**Assignment**
No pictures, no extra lines: copy exactly from the line with "FRONT FITS BOTH" through the end of the entries.

*** Dataset records

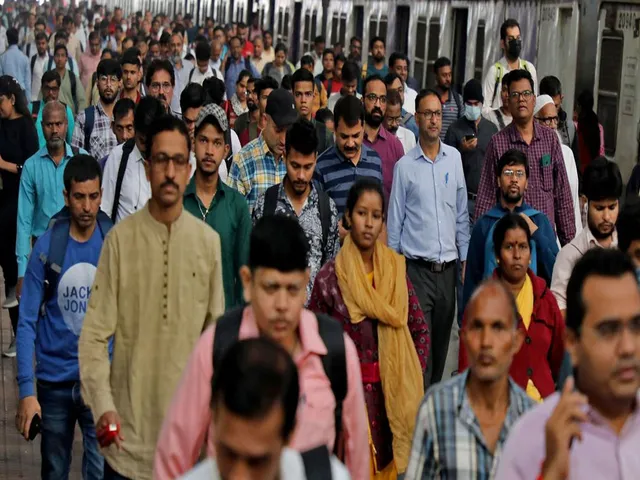 caste census.jpg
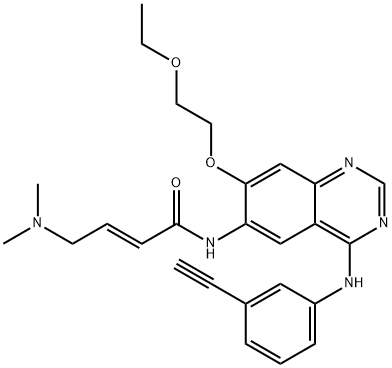 1879071-95-0 structural image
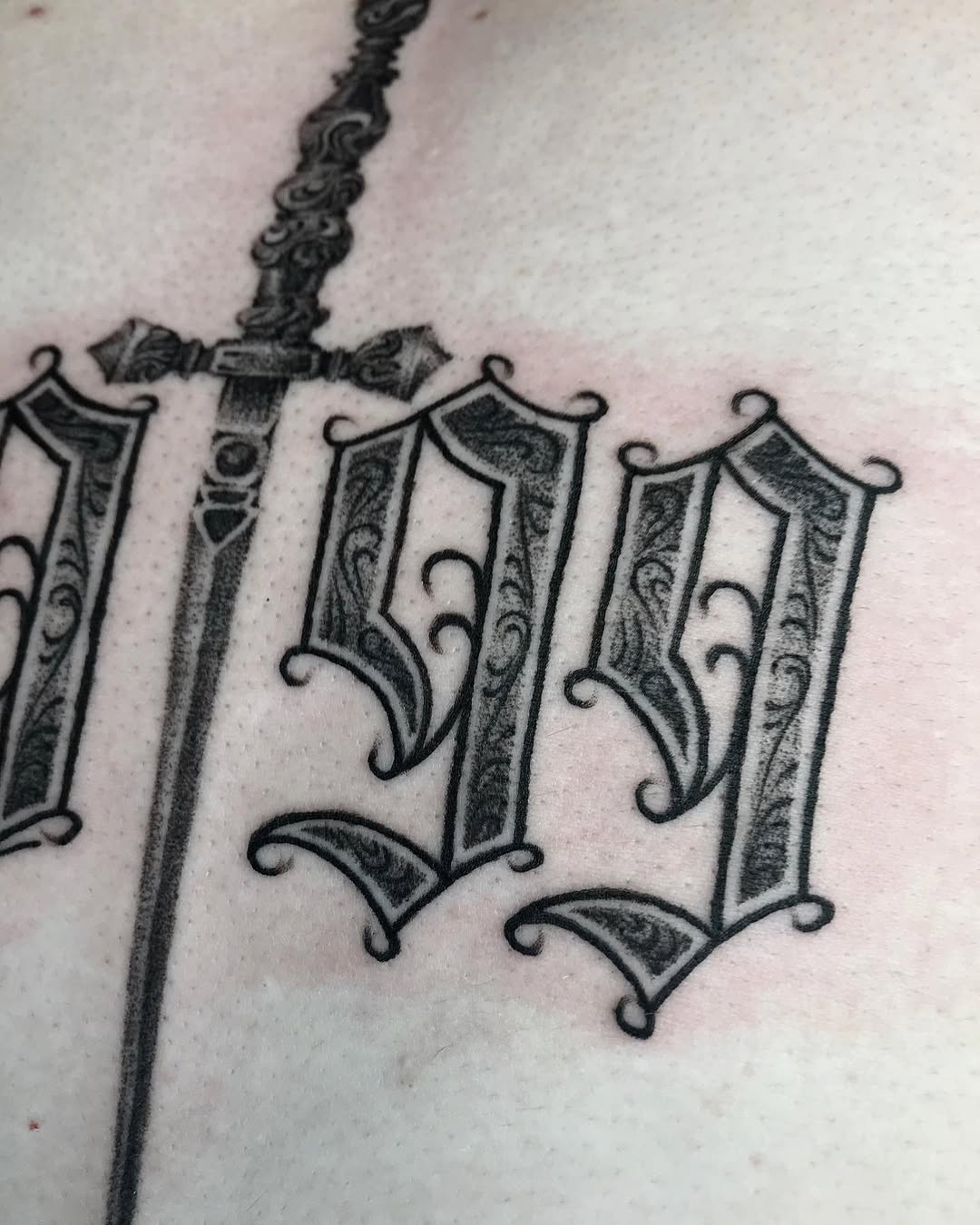suan.tattoos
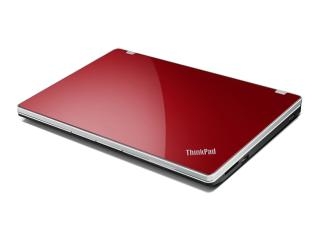 Lenovo ThinkPad Edge 11 03282HJ ヒートウェーブ・レッド(光沢あり)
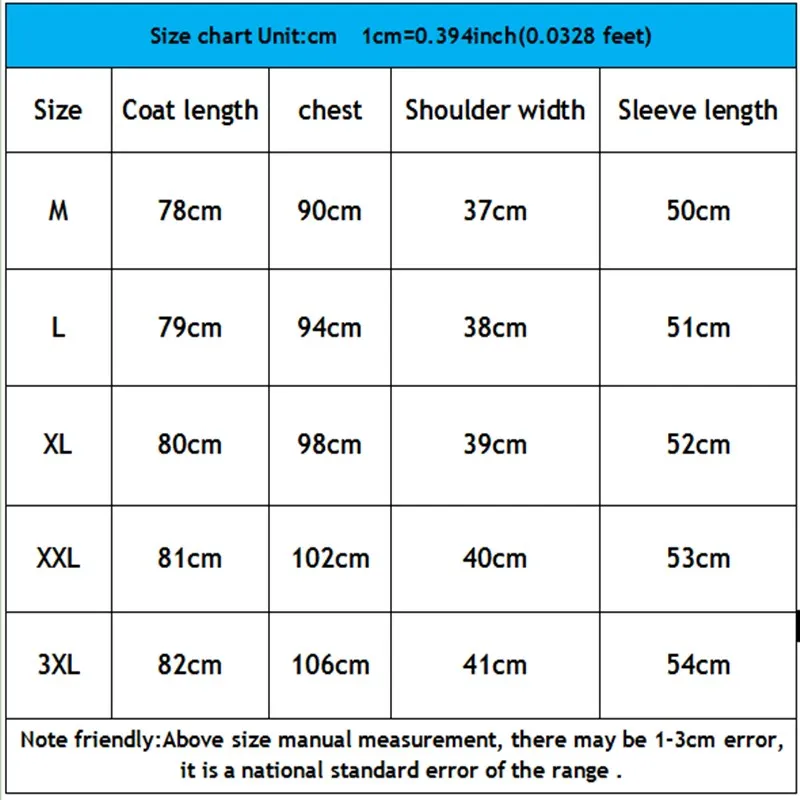 

Women Long Solid Trench For Spring Thin 2020 New Fashion Turn Collar Elastic Waist Slim Coat M-3XL High Quality
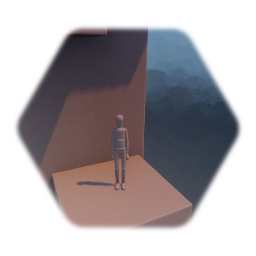Climbing chip 1.0.2
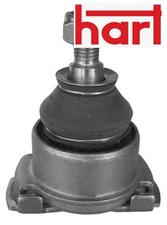 FRONT FITS BOTH SIDES BALL JOINT SUPPORT 420 443 HART I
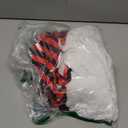 Morph Pirate Costume Women, Womens Pirate Costume, Pirates Dress, Pirates Costumes Womens, Costumes for Women (XX-Large)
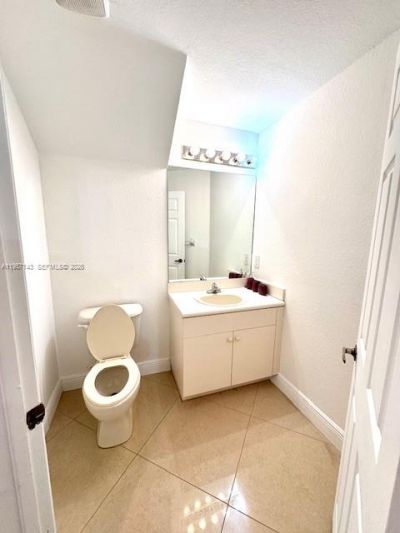 11102 NW 83rd St, Unit 219, Doral, FL 33178 Photo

******

**Solution to this exercise**
 FRONT FITS BOTH SIDES BALL JOINT SUPPORT 420 443 HART I
 Morph Pirate Costume Women, Womens Pirate Costume, Pirates Dress, Pirates Costumes Womens, Costumes for Women (XX-Large)
 11102 NW 83rd St, Unit 219, Doral, FL 33178 Photo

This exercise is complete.